1976 novel by Robert B. Parker

Promised Land is the fourth Spenser novel by Robert B. Parker, published in 1976. It won the Edgar Award for Best Novel in 1977. It is notable for introducing the character of Hawk.

==Plot summary==
Promised Land, Inc. is the name of a real estate development company belonging to Harvey Shepard and Spenser also metaphorically refers to the Cape Cod area as the Promised Land.

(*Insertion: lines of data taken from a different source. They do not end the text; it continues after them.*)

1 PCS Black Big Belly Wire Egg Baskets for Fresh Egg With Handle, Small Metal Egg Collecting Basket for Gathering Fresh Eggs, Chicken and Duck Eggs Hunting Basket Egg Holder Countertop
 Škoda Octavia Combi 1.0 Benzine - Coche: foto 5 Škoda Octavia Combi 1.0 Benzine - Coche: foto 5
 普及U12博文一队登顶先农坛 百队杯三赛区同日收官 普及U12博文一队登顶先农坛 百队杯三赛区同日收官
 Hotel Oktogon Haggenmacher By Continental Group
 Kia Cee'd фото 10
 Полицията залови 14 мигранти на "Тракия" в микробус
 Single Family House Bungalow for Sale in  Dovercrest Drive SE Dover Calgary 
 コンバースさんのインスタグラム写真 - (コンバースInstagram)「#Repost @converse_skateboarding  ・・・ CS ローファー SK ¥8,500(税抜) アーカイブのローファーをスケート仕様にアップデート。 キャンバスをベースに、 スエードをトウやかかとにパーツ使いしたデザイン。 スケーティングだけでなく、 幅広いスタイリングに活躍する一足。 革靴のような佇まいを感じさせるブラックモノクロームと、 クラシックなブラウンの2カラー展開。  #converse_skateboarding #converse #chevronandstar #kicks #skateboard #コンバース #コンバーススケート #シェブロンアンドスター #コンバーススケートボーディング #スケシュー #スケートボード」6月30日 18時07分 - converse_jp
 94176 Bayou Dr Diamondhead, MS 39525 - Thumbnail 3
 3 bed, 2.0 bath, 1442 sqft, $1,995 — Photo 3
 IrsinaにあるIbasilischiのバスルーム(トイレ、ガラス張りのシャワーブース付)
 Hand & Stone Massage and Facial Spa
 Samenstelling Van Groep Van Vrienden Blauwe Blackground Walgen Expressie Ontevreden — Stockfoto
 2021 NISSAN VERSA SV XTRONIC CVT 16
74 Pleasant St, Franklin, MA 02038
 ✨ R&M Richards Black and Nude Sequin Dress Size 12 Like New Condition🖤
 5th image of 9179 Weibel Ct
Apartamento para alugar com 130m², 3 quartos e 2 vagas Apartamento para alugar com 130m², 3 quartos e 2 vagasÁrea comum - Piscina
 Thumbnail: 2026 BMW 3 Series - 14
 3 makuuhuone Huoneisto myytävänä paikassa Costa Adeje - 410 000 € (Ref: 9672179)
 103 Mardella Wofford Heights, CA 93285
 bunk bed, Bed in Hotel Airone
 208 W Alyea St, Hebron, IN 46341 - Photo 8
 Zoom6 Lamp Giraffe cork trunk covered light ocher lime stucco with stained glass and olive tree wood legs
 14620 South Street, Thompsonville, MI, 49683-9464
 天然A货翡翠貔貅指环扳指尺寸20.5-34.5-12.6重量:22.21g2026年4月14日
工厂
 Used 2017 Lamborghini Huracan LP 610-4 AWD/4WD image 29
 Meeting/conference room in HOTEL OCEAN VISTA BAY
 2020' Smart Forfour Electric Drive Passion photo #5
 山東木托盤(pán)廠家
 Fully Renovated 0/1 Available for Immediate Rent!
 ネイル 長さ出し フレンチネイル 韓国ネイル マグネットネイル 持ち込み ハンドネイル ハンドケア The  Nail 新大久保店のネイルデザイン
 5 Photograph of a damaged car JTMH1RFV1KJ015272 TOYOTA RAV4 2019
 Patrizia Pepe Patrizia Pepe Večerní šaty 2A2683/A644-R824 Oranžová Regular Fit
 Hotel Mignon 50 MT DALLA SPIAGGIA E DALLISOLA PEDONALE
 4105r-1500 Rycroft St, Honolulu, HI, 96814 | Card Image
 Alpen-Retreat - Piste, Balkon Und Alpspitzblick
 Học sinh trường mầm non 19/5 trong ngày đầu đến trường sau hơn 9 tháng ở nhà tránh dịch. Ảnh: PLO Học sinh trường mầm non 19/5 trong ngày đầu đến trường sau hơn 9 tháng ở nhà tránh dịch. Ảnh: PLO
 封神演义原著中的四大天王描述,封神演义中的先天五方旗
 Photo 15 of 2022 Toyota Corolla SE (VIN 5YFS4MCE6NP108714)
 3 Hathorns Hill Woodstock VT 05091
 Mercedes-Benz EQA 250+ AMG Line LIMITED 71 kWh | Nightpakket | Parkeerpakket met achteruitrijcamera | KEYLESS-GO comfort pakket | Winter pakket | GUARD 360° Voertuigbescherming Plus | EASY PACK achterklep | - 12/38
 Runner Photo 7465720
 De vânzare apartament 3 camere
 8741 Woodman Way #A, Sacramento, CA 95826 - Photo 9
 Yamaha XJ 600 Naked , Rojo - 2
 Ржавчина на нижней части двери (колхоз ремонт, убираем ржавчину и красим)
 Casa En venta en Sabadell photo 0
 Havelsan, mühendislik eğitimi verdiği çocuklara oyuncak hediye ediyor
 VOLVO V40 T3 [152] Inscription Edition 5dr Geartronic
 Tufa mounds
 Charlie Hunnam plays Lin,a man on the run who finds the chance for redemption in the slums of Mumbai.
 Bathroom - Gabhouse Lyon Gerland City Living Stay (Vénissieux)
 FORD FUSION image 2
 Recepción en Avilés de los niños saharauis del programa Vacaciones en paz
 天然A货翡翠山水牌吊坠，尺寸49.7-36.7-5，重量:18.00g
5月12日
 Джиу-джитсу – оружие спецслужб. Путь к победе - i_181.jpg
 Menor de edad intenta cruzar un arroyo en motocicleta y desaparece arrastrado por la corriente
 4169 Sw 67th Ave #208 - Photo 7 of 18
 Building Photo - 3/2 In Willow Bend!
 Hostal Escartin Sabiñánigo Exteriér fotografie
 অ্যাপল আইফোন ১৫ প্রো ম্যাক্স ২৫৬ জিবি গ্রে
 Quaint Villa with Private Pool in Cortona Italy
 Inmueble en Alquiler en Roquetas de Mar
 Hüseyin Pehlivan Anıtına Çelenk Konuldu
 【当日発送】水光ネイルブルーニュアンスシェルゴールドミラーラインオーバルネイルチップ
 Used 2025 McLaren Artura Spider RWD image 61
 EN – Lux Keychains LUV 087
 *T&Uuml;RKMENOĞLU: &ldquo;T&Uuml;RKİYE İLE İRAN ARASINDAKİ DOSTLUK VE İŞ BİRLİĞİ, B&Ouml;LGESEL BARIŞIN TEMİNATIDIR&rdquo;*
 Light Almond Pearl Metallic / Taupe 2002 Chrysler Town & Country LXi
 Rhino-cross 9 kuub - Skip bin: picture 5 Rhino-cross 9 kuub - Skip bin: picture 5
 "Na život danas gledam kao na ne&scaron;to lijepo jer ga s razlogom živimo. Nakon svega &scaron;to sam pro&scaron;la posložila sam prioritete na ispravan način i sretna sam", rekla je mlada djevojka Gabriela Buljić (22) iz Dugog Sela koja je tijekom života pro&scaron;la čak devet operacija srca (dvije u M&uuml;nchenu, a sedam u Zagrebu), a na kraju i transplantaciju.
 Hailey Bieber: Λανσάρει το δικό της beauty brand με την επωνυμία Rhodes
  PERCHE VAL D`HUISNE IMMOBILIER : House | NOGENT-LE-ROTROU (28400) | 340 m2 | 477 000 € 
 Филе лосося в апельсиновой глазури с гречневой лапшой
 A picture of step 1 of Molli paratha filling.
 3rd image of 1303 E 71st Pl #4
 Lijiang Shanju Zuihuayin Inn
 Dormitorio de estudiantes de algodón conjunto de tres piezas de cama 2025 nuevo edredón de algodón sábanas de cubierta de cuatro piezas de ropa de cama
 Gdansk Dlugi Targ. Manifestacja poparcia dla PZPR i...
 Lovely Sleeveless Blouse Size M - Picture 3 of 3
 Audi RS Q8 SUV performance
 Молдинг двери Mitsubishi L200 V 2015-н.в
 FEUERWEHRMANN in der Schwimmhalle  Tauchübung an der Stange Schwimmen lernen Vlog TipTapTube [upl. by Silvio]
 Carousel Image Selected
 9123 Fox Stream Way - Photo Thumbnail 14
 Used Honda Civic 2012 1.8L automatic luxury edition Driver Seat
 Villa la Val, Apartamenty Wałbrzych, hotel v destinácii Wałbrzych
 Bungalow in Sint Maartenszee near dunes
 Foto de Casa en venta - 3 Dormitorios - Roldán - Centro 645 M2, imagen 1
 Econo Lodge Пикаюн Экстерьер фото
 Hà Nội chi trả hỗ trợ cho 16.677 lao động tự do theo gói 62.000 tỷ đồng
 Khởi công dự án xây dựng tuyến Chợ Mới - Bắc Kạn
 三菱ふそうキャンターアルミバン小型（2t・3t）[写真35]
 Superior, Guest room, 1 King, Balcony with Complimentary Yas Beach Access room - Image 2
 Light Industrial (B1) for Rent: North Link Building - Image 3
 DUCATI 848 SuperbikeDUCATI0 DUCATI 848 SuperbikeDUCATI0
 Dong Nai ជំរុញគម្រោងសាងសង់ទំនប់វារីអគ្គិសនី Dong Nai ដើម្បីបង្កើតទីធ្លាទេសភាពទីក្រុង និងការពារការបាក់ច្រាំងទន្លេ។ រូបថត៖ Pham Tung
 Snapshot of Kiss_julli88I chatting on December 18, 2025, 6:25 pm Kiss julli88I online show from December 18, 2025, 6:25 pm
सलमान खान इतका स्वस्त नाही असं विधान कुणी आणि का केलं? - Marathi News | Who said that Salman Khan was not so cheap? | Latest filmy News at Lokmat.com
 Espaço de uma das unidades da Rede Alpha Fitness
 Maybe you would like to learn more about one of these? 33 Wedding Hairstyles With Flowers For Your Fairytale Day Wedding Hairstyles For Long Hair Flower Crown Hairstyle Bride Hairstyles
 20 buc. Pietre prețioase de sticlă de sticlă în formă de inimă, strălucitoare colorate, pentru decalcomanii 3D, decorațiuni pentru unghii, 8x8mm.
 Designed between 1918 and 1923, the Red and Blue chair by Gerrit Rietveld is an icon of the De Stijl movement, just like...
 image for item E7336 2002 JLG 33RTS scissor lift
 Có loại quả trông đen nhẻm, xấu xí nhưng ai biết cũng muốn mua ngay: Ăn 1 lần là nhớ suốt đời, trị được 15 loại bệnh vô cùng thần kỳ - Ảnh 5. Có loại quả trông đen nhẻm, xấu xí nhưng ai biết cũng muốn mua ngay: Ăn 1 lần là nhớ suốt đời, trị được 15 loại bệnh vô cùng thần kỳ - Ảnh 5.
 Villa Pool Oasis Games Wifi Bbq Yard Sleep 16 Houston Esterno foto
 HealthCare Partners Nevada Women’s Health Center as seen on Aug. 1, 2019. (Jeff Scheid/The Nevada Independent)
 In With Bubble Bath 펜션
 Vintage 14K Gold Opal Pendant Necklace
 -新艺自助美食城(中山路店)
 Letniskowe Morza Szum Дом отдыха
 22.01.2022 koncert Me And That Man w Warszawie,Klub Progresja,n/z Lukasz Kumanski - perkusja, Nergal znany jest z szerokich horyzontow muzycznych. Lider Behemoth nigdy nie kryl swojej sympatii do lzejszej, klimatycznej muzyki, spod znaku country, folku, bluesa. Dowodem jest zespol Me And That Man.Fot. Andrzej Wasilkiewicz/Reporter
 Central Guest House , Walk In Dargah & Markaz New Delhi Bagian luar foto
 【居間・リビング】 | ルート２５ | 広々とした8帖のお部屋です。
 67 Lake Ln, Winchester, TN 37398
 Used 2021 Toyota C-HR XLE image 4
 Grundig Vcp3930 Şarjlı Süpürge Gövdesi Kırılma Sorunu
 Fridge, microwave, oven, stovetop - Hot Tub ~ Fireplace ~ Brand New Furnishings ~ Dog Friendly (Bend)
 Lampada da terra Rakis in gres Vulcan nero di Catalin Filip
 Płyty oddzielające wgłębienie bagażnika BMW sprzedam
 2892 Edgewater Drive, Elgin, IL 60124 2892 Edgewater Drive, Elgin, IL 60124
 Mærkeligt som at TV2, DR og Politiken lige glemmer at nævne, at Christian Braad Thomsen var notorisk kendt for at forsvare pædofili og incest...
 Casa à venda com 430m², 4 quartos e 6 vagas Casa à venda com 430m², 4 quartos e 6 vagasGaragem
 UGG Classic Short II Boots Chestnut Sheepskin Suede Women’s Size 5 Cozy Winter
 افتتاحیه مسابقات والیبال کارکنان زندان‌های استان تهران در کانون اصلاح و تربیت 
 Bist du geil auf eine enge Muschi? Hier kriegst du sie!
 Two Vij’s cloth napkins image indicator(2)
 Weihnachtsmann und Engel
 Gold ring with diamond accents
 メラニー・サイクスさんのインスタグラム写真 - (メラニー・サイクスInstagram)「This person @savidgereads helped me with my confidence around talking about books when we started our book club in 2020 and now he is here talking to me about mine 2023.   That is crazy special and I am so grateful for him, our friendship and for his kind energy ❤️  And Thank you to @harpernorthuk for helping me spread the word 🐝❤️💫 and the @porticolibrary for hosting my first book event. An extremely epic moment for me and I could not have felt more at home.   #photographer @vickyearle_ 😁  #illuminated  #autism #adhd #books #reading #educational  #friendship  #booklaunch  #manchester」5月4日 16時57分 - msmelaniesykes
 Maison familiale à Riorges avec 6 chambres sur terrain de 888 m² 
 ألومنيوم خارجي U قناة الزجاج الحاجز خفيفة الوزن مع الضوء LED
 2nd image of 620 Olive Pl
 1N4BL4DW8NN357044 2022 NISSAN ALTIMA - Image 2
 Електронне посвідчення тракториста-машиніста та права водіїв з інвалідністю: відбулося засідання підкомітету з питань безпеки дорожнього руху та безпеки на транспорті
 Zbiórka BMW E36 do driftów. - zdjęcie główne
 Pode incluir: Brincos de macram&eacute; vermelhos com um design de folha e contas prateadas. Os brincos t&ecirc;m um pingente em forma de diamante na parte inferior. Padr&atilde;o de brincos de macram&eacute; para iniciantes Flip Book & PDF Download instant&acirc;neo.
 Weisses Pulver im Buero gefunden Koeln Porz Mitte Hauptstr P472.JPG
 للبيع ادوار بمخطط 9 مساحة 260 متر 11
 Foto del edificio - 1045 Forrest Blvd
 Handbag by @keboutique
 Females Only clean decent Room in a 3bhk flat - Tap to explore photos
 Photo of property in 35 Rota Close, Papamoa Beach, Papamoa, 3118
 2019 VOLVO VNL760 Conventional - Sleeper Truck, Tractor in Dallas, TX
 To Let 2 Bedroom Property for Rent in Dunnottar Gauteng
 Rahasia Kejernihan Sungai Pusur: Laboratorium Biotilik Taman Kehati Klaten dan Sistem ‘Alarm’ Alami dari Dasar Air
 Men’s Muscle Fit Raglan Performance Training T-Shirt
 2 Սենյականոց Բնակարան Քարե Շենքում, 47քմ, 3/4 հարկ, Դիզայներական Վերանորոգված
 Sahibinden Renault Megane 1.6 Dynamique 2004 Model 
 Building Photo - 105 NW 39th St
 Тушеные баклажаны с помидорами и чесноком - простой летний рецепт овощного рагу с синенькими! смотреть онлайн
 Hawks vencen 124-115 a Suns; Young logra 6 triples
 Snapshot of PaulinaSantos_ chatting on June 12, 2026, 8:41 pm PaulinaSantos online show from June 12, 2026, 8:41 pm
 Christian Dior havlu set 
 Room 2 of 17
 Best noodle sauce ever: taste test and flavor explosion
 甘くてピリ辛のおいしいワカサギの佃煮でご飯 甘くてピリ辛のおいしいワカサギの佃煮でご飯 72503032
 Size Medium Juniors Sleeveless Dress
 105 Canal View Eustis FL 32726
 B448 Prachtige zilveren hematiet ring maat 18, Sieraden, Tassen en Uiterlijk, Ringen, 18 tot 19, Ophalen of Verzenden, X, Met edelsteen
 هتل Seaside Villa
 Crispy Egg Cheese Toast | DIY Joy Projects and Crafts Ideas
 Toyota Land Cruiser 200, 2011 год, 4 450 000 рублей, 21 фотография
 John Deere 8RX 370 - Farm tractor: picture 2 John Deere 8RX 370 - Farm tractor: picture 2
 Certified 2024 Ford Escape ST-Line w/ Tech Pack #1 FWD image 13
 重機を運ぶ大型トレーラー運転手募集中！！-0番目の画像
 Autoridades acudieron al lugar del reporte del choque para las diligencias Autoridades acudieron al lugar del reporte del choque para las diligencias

Spenser is hired by Harvey Shepard to find his runaway wife, Pam. Spenser soon locates her, but promises not to force her to return to her husband against her will. He begins to suspect that Harvey Shepard has been threatened by King Powers (a big-time loan shark) when he sees his enforcer Hawk at Shepard's house. Harvey fires Spenser because Spenser refuses to disclose Pam's location; Pam is staying with two militant feminists named Rose and Jane.
Pam soon becomes entangled in Rose and Jane's bank robbery that resulted in the shooting death of a bank guard and calls Spenser for help. Spenser's dilemma is that he wants to reunite Harvey and Pam while also making sure that Rose and Jane go down for the bank guard's murder while simultaneously setting up King Powers to go to prison. He has to do all this while somehow managing to keep the Shepards (and himself) out of jail and still breathing. He manages to broker a gun deal to between Powers and the militants, while corresponding with the police to arrest the suspects in a sting operation with the intent of keeping the Shepards clean of the affair. Spenser warns Hawk the day of the operation while Powers, his henchmen, and Jane and Rose are arrested. The next day, Powers is bailed out of jail and his associates greet Spenser and Susan at the Shepards' home. After a brief scuffle, Hawk intervenes and leaves Powers to the mercy of Spenser.